There was a brief shuffle. The bench bumped against the wall behind it. A loud bang erupted from the table, and Droog was on the bar floor. It happened so fast Sethlzaar missed it.
Droog held his hands to his nose. His knife, now forgotten, lay a few feet away from him. He writhed in pain as he removed a bloody hand to examine it. Sethlzaar winced at the sight. The man had no doubt broken his nose and, by the splotch of red on the table, he had an idea how.
"I truly apologize for that," Guilly said, rearranging his shirt. "First we bring you bad news... cos tis good news for any business owner. But for men like you, tis not so much. Then..." He spared a disgusted look at the man on the floor. "He's nephew to someone at the top. If not, I'd have had him pay for his insult the way he's meant to..." He sighed now, and he looked his age, around Groc's, no older, maybe a little younger. "I mean you no disrespect, Groc. Consider our offer and get back to me. I'll be around for a moon cycle; you know where to find me."
Groc simply nodded. Guilly rose to leave and the other man followed. He gave Groc one more look, his eyes imploring this time. "Get back to me."
Groc took another sip. He let the cup linger a while at his mouth before he dropped it. "You know that's not gon' happen."
Guilly said something Sethlzaar did not catch and stepped over the drunk man who was busy spewing profanities slurred by his drunkenness or the blood. Sethlzaar was not sure.
"Get his drunk ass up!" Guilly commanded walking out the door, nearly kicking the man in the process. The other fellow, after a few struggles, managed to wrestle Droog and his knife off the floor and lumbered after him.
When Fen finally returned, a hint of worry on his face and no tray in his hands, Groc gave him a sad smile. "Its gon' be alright.

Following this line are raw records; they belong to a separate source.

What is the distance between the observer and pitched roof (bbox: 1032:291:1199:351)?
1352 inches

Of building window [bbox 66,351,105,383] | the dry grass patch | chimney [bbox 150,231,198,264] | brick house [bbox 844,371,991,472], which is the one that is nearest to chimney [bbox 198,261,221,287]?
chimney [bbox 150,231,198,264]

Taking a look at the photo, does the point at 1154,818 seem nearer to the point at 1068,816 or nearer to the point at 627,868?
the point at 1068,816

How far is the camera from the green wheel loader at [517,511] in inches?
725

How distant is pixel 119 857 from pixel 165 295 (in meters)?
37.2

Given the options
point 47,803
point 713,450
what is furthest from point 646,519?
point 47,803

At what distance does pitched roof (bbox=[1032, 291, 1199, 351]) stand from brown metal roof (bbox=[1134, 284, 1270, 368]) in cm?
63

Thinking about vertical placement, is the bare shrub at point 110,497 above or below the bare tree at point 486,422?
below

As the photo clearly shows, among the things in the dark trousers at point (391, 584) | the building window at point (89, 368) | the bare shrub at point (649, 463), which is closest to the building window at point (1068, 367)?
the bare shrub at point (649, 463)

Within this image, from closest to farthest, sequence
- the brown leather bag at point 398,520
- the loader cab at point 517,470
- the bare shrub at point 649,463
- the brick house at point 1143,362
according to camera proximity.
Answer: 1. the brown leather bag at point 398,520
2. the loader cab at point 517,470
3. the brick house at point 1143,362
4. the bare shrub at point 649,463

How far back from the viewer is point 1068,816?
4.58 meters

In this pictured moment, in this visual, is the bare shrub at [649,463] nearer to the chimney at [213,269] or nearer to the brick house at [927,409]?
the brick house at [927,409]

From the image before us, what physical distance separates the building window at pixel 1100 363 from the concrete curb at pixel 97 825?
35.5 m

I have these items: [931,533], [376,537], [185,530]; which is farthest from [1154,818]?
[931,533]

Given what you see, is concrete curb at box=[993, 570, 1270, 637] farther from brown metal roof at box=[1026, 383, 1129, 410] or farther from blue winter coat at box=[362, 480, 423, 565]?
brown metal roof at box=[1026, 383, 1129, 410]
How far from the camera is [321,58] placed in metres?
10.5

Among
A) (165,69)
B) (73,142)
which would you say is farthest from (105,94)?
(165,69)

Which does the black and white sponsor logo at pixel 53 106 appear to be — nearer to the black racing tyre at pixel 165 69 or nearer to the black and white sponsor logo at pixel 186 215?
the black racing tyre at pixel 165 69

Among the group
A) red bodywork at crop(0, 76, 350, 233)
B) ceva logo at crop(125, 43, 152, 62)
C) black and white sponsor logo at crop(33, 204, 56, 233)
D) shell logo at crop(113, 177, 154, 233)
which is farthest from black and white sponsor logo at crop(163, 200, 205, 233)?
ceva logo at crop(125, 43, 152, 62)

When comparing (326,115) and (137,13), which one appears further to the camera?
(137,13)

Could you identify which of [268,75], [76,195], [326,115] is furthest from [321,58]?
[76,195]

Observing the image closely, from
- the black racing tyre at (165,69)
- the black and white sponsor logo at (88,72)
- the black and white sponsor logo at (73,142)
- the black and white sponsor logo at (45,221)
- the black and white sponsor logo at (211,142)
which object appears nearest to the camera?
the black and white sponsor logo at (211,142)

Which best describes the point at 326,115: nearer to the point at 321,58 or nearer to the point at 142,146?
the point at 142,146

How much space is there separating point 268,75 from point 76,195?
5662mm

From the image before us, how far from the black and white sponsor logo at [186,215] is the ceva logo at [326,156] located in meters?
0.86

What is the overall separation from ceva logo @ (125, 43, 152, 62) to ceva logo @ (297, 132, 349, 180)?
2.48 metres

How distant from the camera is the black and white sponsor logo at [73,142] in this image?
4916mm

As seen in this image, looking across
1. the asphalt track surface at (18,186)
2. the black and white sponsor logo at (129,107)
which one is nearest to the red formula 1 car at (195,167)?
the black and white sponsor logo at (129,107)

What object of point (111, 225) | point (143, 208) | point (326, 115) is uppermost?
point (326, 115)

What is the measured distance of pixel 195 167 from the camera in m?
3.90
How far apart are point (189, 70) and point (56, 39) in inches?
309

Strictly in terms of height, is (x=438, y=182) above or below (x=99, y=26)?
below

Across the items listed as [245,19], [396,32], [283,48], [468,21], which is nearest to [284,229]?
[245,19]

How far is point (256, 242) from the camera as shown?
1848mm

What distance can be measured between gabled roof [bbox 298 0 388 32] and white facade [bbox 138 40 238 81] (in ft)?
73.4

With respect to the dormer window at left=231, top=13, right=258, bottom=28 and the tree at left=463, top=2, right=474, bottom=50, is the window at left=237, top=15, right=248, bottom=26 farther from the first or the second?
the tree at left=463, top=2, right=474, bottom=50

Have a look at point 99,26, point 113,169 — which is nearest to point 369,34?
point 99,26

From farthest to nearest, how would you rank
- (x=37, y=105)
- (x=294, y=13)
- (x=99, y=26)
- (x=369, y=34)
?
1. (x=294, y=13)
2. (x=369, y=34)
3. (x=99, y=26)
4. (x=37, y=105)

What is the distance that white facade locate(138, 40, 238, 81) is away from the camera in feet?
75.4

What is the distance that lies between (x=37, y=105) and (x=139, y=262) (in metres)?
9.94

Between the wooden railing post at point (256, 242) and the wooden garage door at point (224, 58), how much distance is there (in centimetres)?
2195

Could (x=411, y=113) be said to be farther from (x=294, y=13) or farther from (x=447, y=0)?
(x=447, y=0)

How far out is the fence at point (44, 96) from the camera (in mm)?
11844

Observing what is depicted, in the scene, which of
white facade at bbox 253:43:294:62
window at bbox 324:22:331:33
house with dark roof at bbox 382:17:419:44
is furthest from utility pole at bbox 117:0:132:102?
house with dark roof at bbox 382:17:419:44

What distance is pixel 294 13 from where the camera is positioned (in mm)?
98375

They'll be gone soon enough, and we won't have to worry 'bout their kind ever again."
For a moment Sethlzaar though the boy would cry but Fen stifled a sniff and made work of cleaning the table.
Groc just sat there in silent contemplation.

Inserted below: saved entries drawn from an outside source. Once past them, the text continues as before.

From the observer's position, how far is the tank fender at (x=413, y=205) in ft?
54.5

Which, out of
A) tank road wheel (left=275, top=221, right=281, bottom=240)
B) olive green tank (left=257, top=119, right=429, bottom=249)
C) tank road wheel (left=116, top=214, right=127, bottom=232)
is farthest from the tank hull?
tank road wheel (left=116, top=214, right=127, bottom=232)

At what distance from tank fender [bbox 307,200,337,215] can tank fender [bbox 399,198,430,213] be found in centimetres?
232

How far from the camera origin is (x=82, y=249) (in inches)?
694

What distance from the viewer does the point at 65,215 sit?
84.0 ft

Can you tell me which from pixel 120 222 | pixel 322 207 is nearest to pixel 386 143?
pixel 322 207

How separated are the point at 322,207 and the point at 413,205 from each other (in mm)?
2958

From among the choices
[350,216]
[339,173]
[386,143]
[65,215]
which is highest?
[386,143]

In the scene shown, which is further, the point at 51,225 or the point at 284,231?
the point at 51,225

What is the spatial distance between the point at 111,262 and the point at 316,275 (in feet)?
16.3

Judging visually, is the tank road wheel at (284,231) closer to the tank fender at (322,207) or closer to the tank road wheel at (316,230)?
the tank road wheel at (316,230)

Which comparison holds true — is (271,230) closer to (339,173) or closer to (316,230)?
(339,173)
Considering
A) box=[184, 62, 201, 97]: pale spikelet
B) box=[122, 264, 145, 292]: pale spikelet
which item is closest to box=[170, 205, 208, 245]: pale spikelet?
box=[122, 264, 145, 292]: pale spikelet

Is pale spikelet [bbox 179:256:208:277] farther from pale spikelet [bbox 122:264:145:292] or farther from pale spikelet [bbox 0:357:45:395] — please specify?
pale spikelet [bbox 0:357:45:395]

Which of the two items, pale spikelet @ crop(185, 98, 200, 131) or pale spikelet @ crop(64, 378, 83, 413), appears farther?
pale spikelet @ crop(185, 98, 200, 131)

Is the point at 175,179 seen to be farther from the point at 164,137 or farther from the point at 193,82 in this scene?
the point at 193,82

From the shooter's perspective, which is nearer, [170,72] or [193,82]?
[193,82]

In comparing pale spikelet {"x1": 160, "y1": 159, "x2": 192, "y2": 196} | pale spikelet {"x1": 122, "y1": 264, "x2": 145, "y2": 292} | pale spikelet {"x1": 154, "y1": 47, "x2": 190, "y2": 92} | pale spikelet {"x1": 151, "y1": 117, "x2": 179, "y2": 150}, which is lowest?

When morning came, Groc sent Fen scurrying off to the bridge, something he never did before.
The bridge was where the older children stayed. The Wood was a legitimate business but, in the conisoir, there was no such thing as legitimate businesses. The children who stayed in the bridge carried out most of the less legitimate parts of Groc's business. Everyone knew this, after all, they were all residents of the conisoir. Groc had made a name for himself in the cesspool of vile and infidels.
Rumors had it that in his younger days he had served in the imperial army. He even had children he had helped living comfortable lives within the city. Why he was not living there too, everyone wondered. Some said he was drawn to the chaos of the conisoir. Others said he was a wanted man in the city. But one thing was certain, no one knew why, and sometimes, Sethlzaar wondered if the old man even remembered why.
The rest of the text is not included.